**WHAT THE TASK REQUIRES:**
The answer must give back every line of the data exactly, with no pictures.

-------- PROVIDED MATERIAL --------

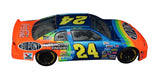 Vintage Jeff Gordon signed #24 DuPont Rainbow Racing Champions diecast car highlighting one of the most famous paint schemes in NASCAR history, detailed graphics, authentic autograph, and exceptional display appeal for collectors and enthusiasts.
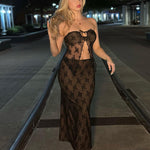 Lace Strapless Crop Tops High Waist Skirt Suit Wholesale Womens Clothing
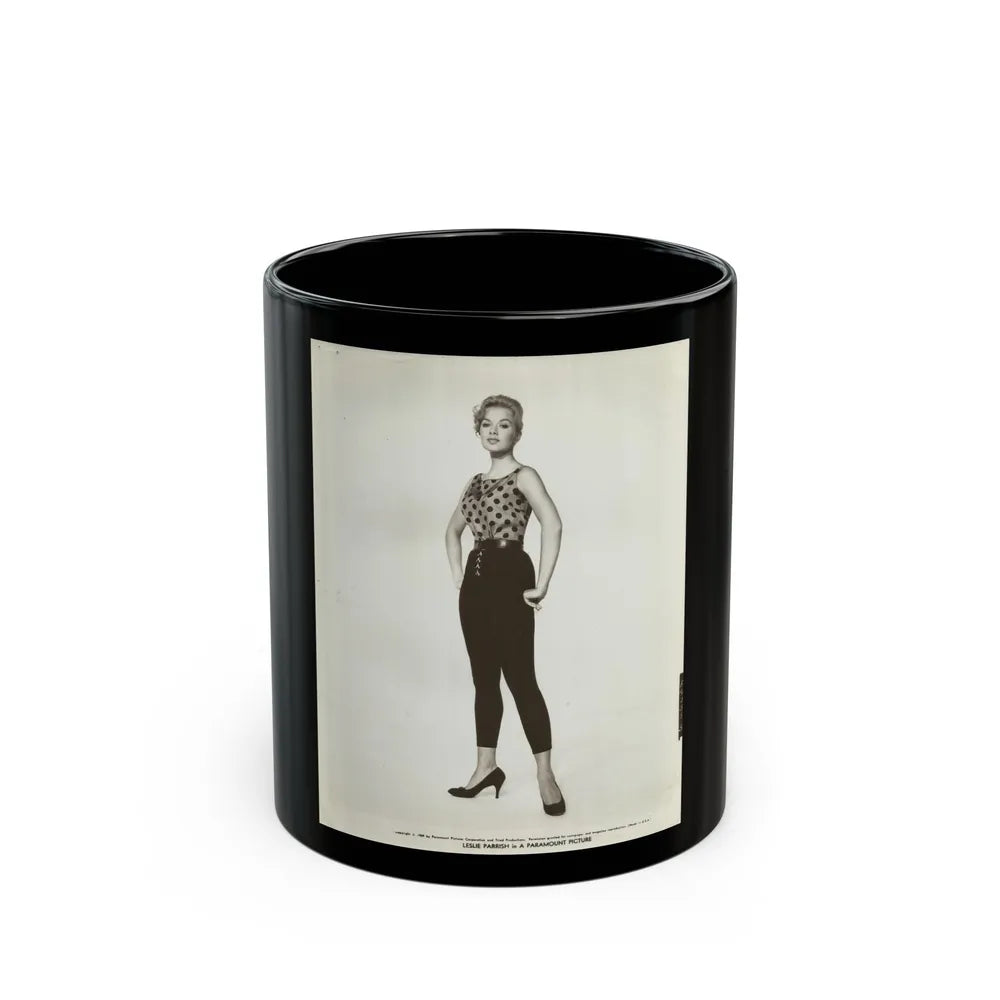 Leslie Parrish #192 (Vintage Female Icon) Black Coffee Mug-11oz-Go Mug Yourself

--------

**REPLY TO THE TASK:**
 Vintage Jeff Gordon signed #24 DuPont Rainbow Racing Champions diecast car highlighting one of the most famous paint schemes in NASCAR history, detailed graphics, authentic autograph, and exceptional display appeal for collectors and enthusiasts.
 Lace Strapless Crop Tops High Waist Skirt Suit Wholesale Womens Clothing
 Leslie Parrish #192 (Vintage Female Icon) Black Coffee Mug-11oz-Go Mug Yourself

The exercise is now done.